Good news on campus, for once. After all, student journalists have been having a rough stretch.
But before the good, here’s the bad (and the ugly).
As was big news in the news cycle (and on Twitter) for a week in November, at the University of Missouri a professor sought to shut down press coverage during high-profile protests by calling for “some muscle” to remove a student who identified himself as a journalist. Although she has apologized since, her words still are chilling.
Within the past year or so, SPJ has followed six instances where college campuses have put the squeeze on a student news outlet by dismissing or disciplining a student media adviser.
In many of the cases, the school just didn’t like what the students had been reporting.
The editor-in-chief of one paper sent SPJ a copy of his notes of a meeting with his dean. His paper had reported on mold in university buildings, based on a report that the adviser had commissioned.
Picture the tableau: Student, age 20 or 21, let’s say, gets a message that he is wanted in the administrator’s office. The dean seeks to use every bit of leverage and power he can summon.
The meeting goes like this: “I want that document.” “I don’t have it.” “No, you don’t understand, I want that document.” “I don’t have it.” “Son, I want that document now.” “I don’t have it.”

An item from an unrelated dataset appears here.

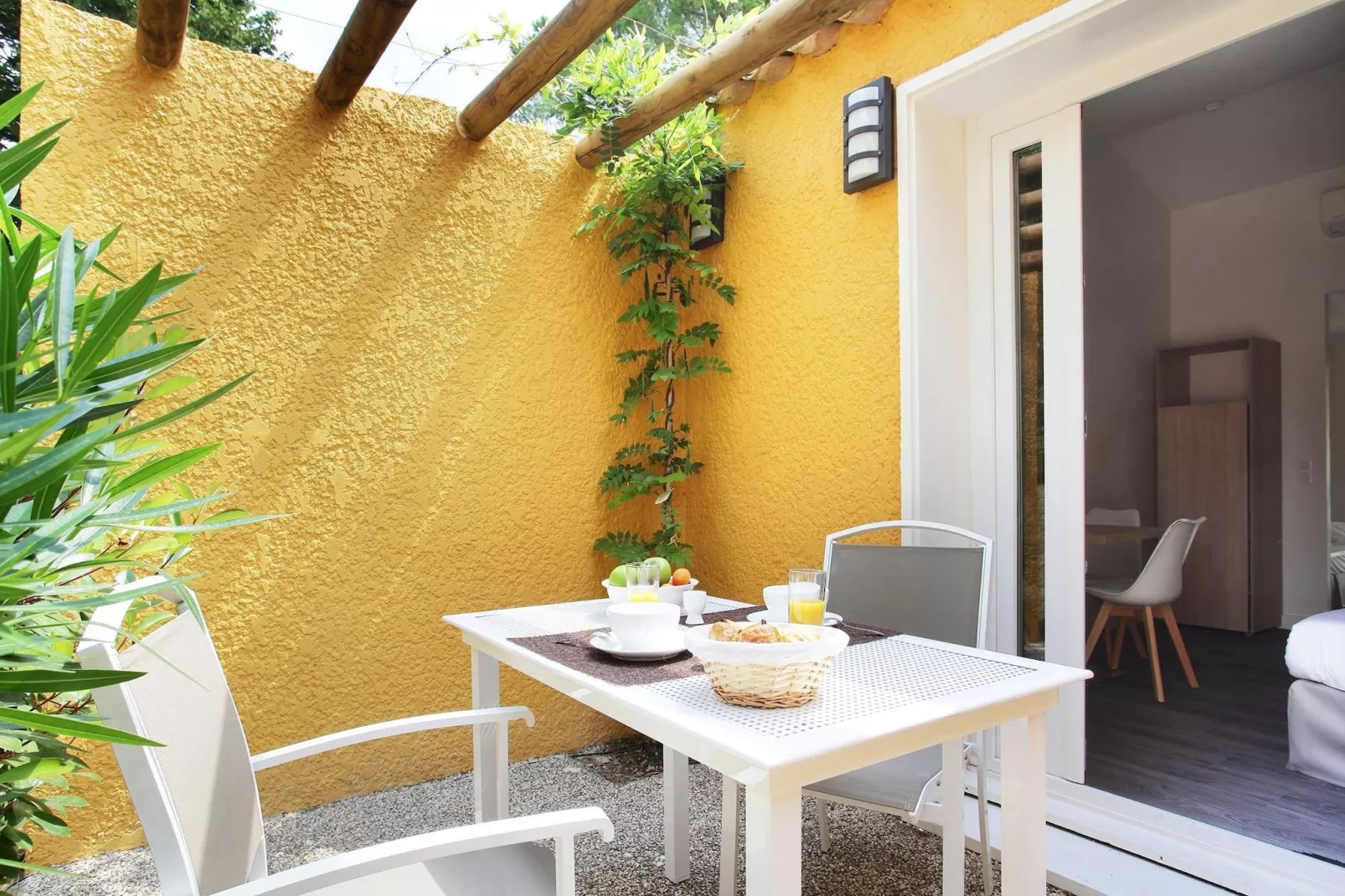Le village Camarguais Les Gardians 4-Terrasbalkon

The dean accuses the student of running articles based on personal animus. Student makes clear that his paper was reporting the news.
When the dean realizes he has frustrated the student enough, or maybe he really didn’t have the document or maybe he has leaned on the editor enough, he turns on his best Dean-Wormer-from-Animal-House smarmy smile, tells him to go back and think about.
And at the end, he assures the editor he “remains a big [editor’s name] fan.”
In my home state of Virginia a few years ago, a college administration didn’t like that the paper had run a front-page story about student drug dealers busted in one of the dorms.
The piece was published in the spring, when high school prospects tour the school, deciding where to accept.
Newspaper staffers were shocked to find empty racks all over campus. Then they realized the empty racks were along the same route used by the admissions team for tours. Where were the papers? At the admissions office, returned after the visitors left.
Frank LoMonte runs the Student Press Law Center, and his job is to watch after all this and offer help, advice and, if necessary, legal support.
In a Facebook post, LoMonte said he had just returned from a visit to a public university where the student reporters are required to submit their interview questions for the university president in writing to a media-relations functionary.
This minion rewrites any questions that are unacceptably “negative” and sends back a script, to which the journalists are told to adhere under threat of unspecified reprisal, he said.
I asked him: At what university did this occur?
LoMonte declined to out the school, citing the need to minimize harm (See SPJ Code of Ethics, section II). The students were so frightened that he would need to get their OK before identifying the location. I am not a fan of citing incidents without names, but in this case, I trust the source.
Depressing and infuriating. Colleges and universities are supposed to promote intellectual inquiry and teach critical thinking. Instead, in these cases and others, the school leaders seek carefully to control any message.
Here’s some good news, from the state of North Dakota.
Earlier this year, the legislature passed a law called the New Voices of North Dakota Act. It protects the First Amendment rights of student journalists and public high schools and public and private colleges.
Among other things, the law means that administrators would not be able to invoke Hazelwood School District v. Kuhlmeier. That 1988 U.S. Supreme Court decision held that student publications not designated as public forums have lesser First Amendment protections; school leaders could exercise prior restraint on publication.
North Dakota joined a handful of other states that have established protections for student journalists.
By resolution at the national SPJ convention in September, delegates commended the North Dakota legislature and professor Steve Listopad, who was instrumental in pushing the change.
The resolution called on SPJ members to support and encourage the passage of similar laws protecting the independence of student media across the country.